— EXERCISE DESCRIPTION —
In the data below, find the line containing "Nour Shaggy Geometric Plush Pile Taupe Rug"; transcribe it and each line after it exactly, through the last, skipping pictures.

— Short descriptive text snippets —
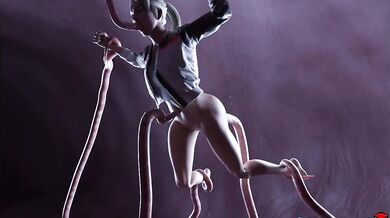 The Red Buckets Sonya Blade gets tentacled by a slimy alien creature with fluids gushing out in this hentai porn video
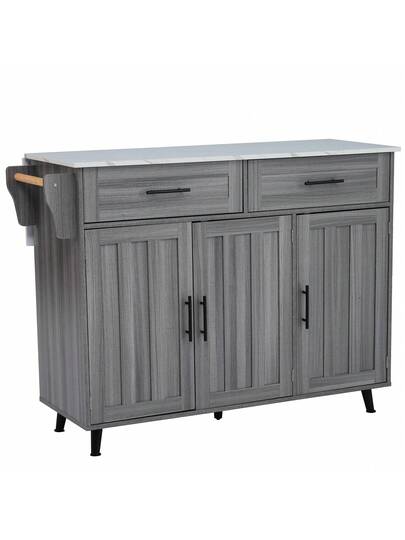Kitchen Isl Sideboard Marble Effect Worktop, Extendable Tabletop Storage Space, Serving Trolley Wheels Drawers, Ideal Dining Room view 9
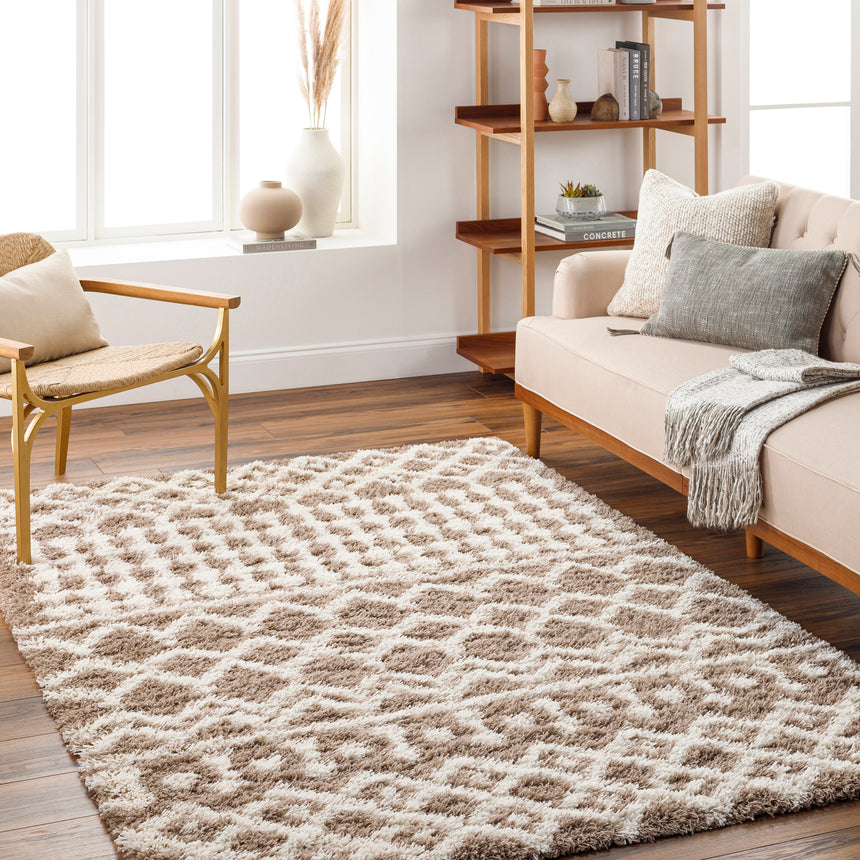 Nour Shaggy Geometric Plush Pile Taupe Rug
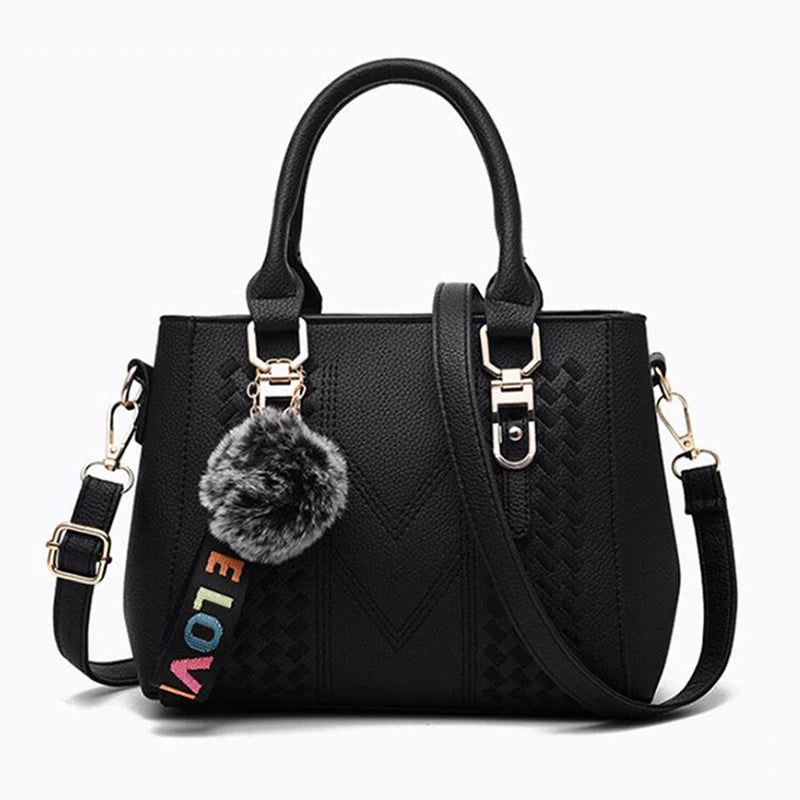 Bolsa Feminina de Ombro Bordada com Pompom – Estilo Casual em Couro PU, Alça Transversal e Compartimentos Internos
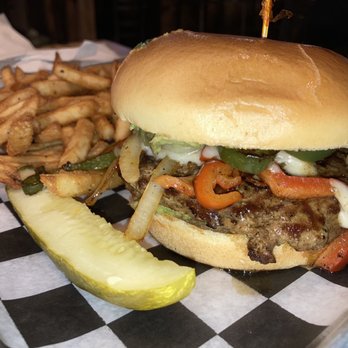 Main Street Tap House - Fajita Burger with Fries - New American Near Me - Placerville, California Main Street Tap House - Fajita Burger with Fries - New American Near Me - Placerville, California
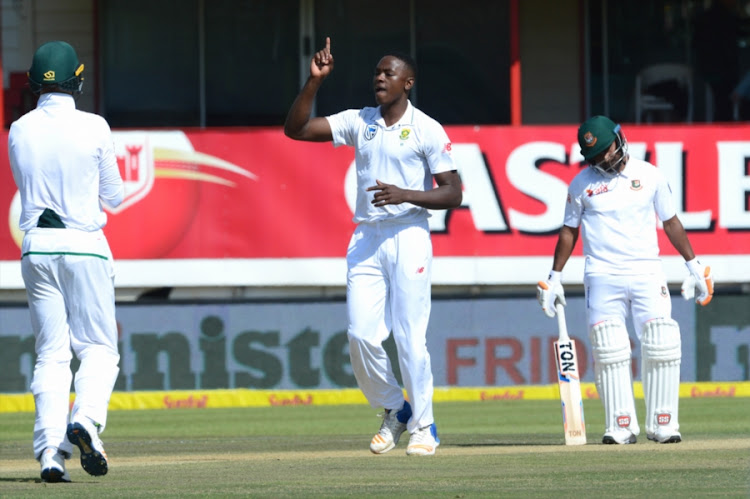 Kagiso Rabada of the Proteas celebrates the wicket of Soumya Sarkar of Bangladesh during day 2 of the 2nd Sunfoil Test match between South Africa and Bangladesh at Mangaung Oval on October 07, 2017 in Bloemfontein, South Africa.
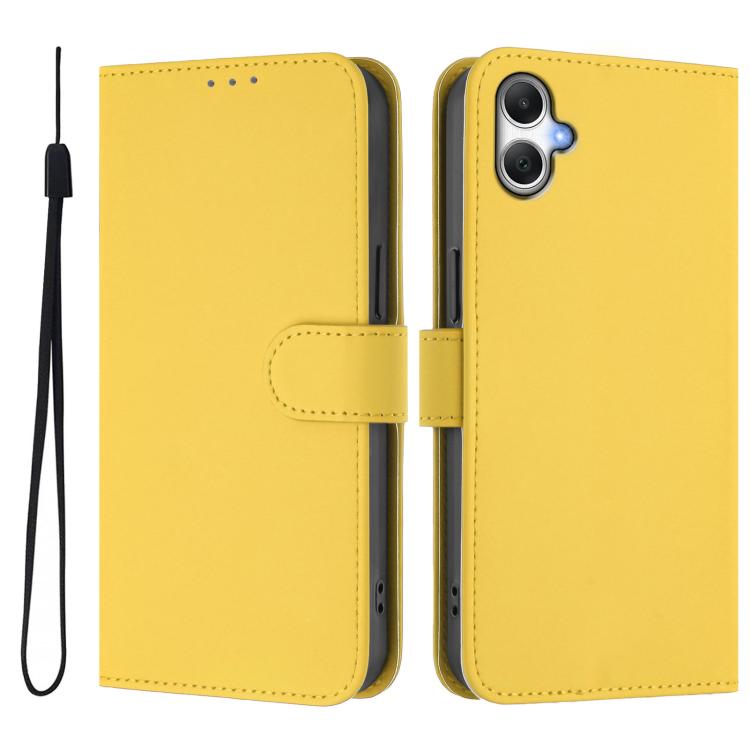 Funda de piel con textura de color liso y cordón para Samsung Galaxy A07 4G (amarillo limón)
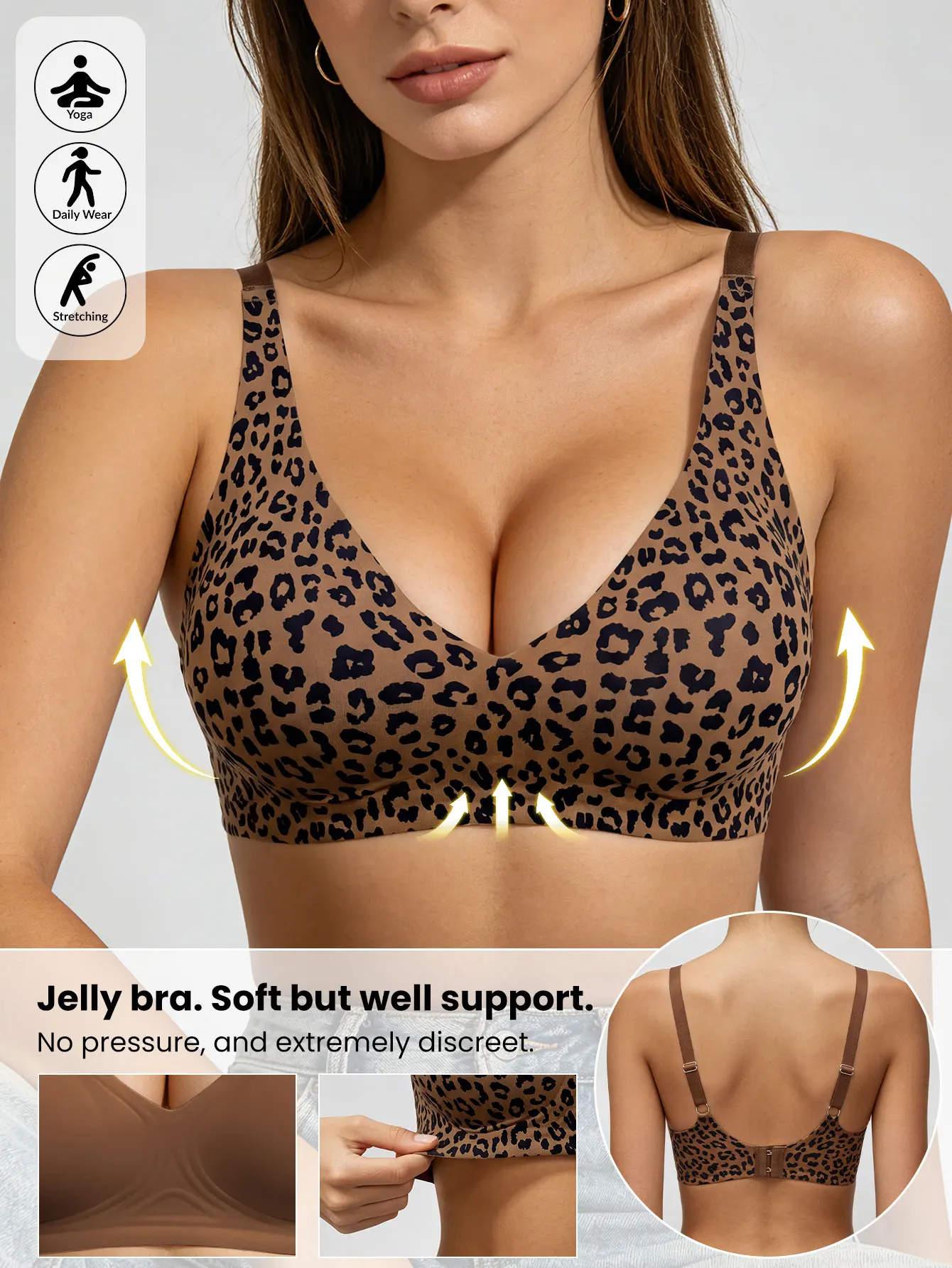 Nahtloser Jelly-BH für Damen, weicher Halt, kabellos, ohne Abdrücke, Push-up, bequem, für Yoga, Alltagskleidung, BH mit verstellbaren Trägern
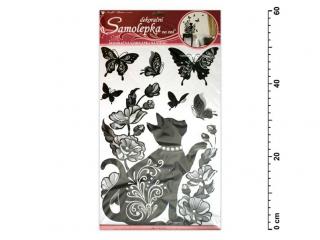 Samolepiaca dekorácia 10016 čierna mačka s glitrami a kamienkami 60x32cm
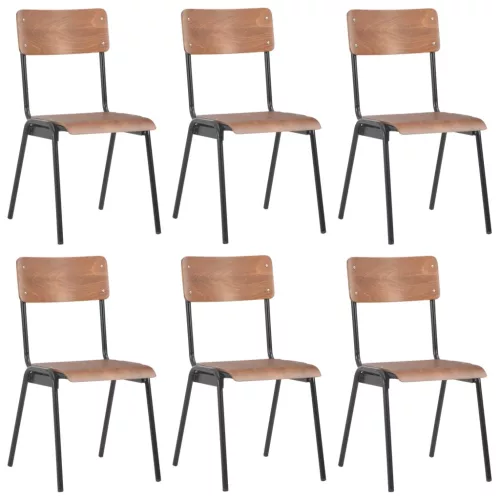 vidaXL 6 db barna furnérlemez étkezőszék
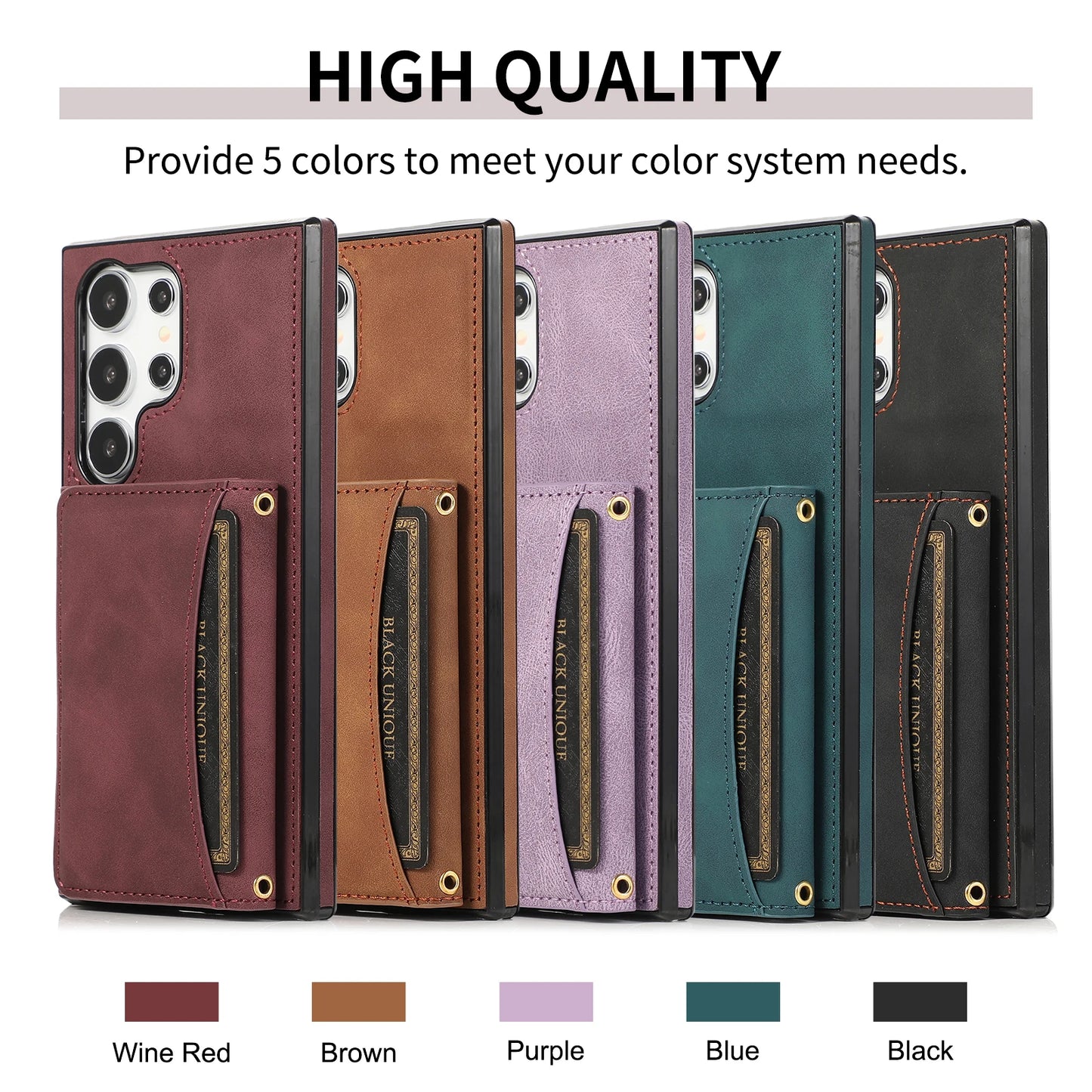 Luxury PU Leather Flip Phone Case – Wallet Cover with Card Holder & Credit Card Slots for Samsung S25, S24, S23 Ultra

— RESPONSE TO THIS TASK —
 Nour Shaggy Geometric Plush Pile Taupe Rug
 Bolsa Feminina de Ombro Bordada com Pompom – Estilo Casual em Couro PU, Alça Transversal e Compartimentos Internos
 Main Street Tap House - Fajita Burger with Fries - New American Near Me - Placerville, California Main Street Tap House - Fajita Burger with Fries - New American Near Me - Placerville, California
 Kagiso Rabada of the Proteas celebrates the wicket of Soumya Sarkar of Bangladesh during day 2 of the 2nd Sunfoil Test match between South Africa and Bangladesh at Mangaung Oval on October 07, 2017 in Bloemfontein, South Africa.
 Funda de piel con textura de color liso y cordón para Samsung Galaxy A07 4G (amarillo limón)
 Nahtloser Jelly-BH für Damen, weicher Halt, kabellos, ohne Abdrücke, Push-up, bequem, für Yoga, Alltagskleidung, BH mit verstellbaren Trägern
 Samolepiaca dekorácia 10016 čierna mačka s glitrami a kamienkami 60x32cm
 vidaXL 6 db barna furnérlemez étkezőszék
 Luxury PU Leather Flip Phone Case – Wallet Cover with Card Holder & Credit Card Slots for Samsung S25, S24, S23 Ultra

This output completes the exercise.